January 6, Tsai A-Ga uploaded a video to his channel refuting the allegations made by Laura in her apology statement, describing them as entirely unfounded. He also urged Laura to face the judicial process honestly, fulfill her responsibilities, and refrain from using smear tactics to mislead the public.

January 7, Tsai A-Ga adapted the popular song "Paramela" (帕拉梅拉) by rewriting its lyrics to create a parody entitled Pay Back the Money, Laura (还钱萝拉). The song mocked Laura over her unpaid debts and alleged drug use, and a video of Tsai performing the song was uploaded to his YouTube channel.

March 11, Tsai A-Ga uploaded a video to his channel detailing the second compulsory enforcement action against Laura. The video showed that Tsai A-Ga and his wife had returned to Laura's residence with additional personnel on 30 December 2024 and, anticipating that she might refuse to answer the door, had specifically brought a locksmith. Upon entering the residence, they discovered that the bathroom in Laura's room was locked, while sounds of a cat could be heard inside, confirming that Laura was hiding there. After a period of standoff, Laura eventually opened the door and claimed that she had contracted influenza A and needed to remain in isolation, attempting to avoid the debt collection process.

In the video, Tsai A-Ga stated that valuable items, including electrical appliances, luxury goods, and expensive liquor, were removed from Laura's room as collateral for her debts.

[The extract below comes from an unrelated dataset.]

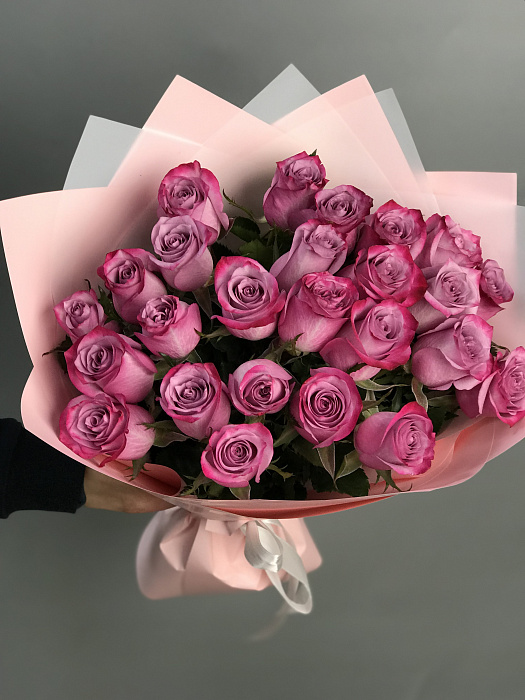 Bouquet of 25 roses (to the florist's taste)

During the process, however, police conducted a search and discovered an electronic cigarette and cartridges containing the Schedule II controlled substance etomidate, commonly known as "zombie vape cartridges", inside Laura's bedside cabinet. The video showed that Laura initially denied ownership but later stated, "If someone has to admit it, then I will admit it, but these things are not mine." The statement attracted public attention. Police tested the cartridges on-site, confirmed the presence of narcotic substances, and expanded their investigation.

In addition, Tsai A-Ga disclosed in the video that, as of 13 January 2025, Laura had repaid only approximately NT$800,000 through court-ordered enforcement and asset seizure procedures. Around NT$400,000 had come from the seizure of stocks, while another NT$300,000 had been paid on her behalf by a friend through the court rather than voluntarily by Laura herself. Compared with the NT$30 million she was alleged to have obtained through the use of AB contracts, the amount repaid remained far below the total. At the end of the video, Tsai A-Ga stated that he had obtained information indicating that Laura had attempted to smear him and emphasized that he would continue pursuing repayment through legal means.

He further revealed that Laura had attempted to delay the debt collection process and had called for "reinforcements" by telephone. One woman identified herself as a relative of the property owner, while a man claimed that the owner was his niece. Subsequent media reports revealed that the property was registered under a company owned by YouTuber Saint (Sheng Chieh-shih), indirectly confirming that the "reinforcements" were in fact Saint's in-laws, including his mother-in-law and his wife's uncle.

In response, Saint issued a statement on social media emphasizing that neither he nor his company had any connection with Laura or these relatives. He thanked Tsai A-Ga for "doing him a big favor" by exposing the problems associated with these individuals. He further stated that those relatives had previously been involved in multiple controversies and that he had unsuccessfully attempted to dissuade them, even considering filing lawsuits against them. He also warned the public to remain vigilant and to report directly to the police if anyone attempted to borrow money or conduct cryptocurrency-related activities in his name.